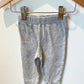 Light Grey Pants / 12m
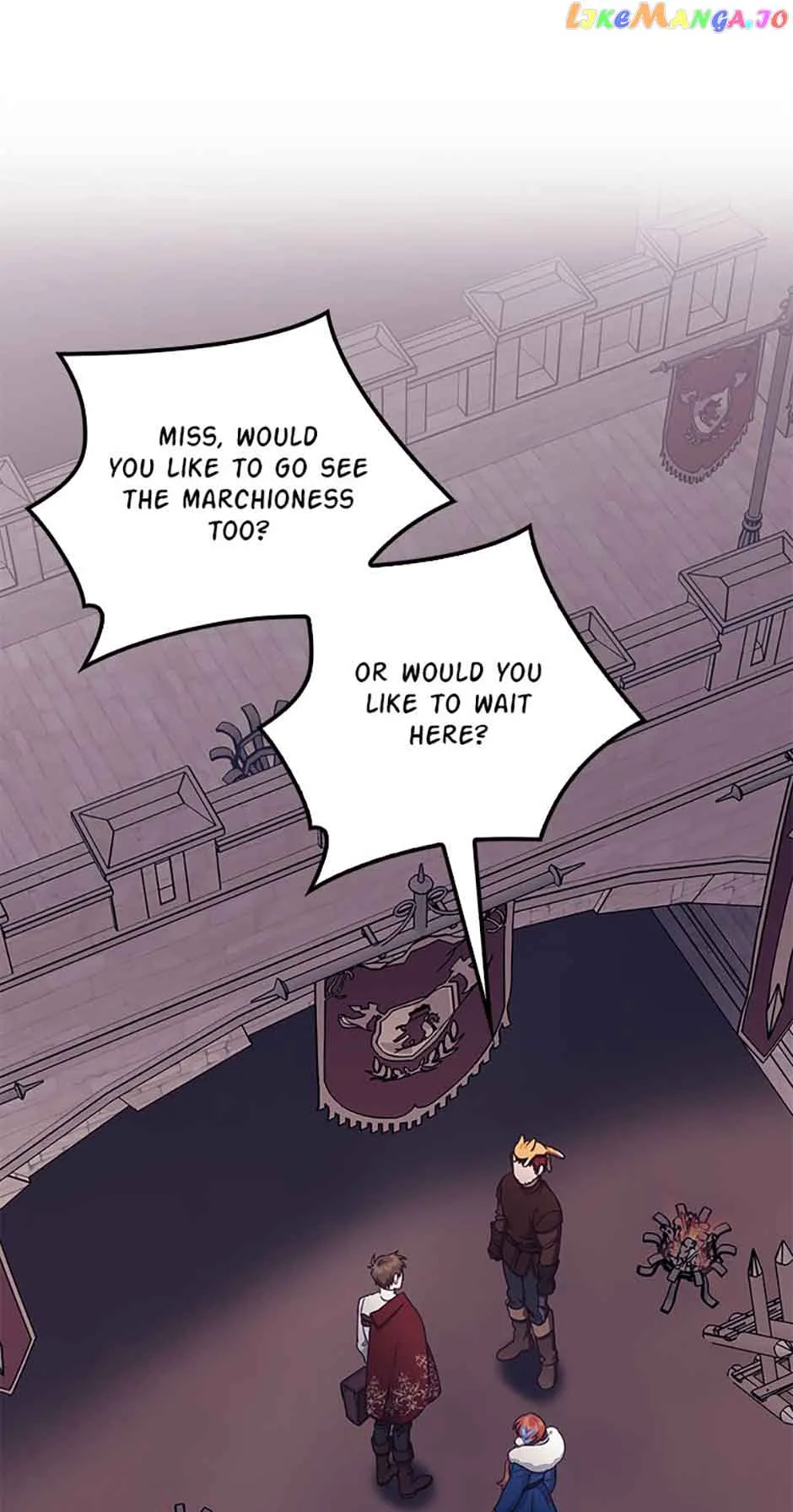 The Abandoned Bachelorette Enjoys Her Simple Life Chapter 33 page 42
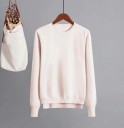Pull Femme G369 12
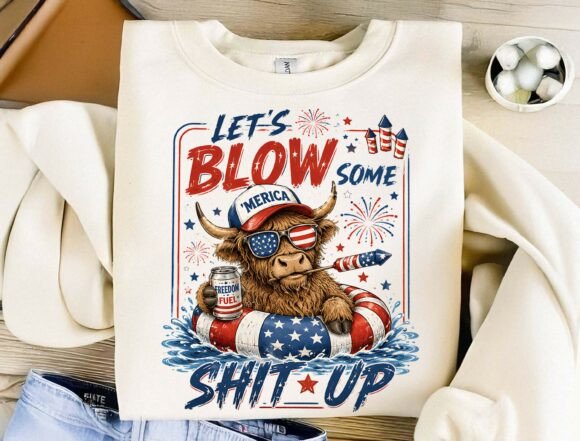 Download Patriotic 4th of July Sublimation - Patriotic Collection
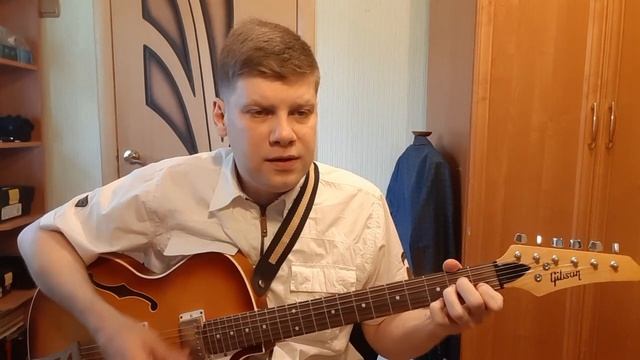 263. ВЕНЯ Д'РКИН - Пуля-дура (Кавер и разбор) смотреть онлайн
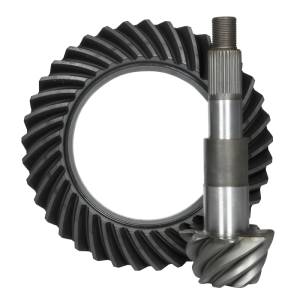 Yukon Gear & Axle - Yukon Gear Ring & Pinion Gear Set for Nissan H233B Front 4.63 Ratio | YG NH233B-463R - Image 1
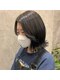 ガーデンエス 府中店(GARDENes)の写真/“乾かすだけ“で決まる！サロン仕上がりが自宅でも再現できるスタイルをご提案します。【東区/温品】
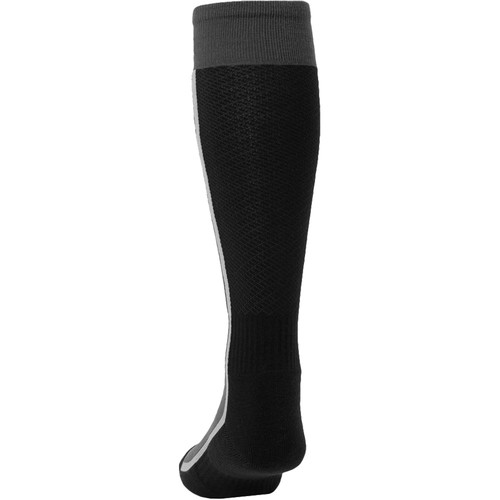 SPYDER W SWEEP SOCKS NE negro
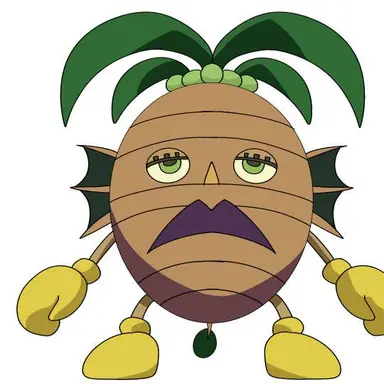 Profile image of ヤラネーダ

*Exercise brief*:
Could you output all of the entries above exactly? Leave the pictures out.

*Task answer*:
 Light Grey Pants / 12m
 The Abandoned Bachelorette Enjoys Her Simple Life Chapter 33 page 42
Pull Femme G369 12
 Download Patriotic 4th of July Sublimation - Patriotic Collection
 263. ВЕНЯ Д'РКИН - Пуля-дура (Кавер и разбор) смотреть онлайн
 Yukon Gear & Axle - Yukon Gear Ring & Pinion Gear Set for Nissan H233B Front 4.63 Ratio | YG NH233B-463R - Image 1
 ガーデンエス 府中店(GARDENes)の写真/“乾かすだけ“で決まる！サロン仕上がりが自宅でも再現できるスタイルをご提案します。【東区/温品】
 SPYDER W SWEEP SOCKS NE negro
 Profile image of ヤラネーダ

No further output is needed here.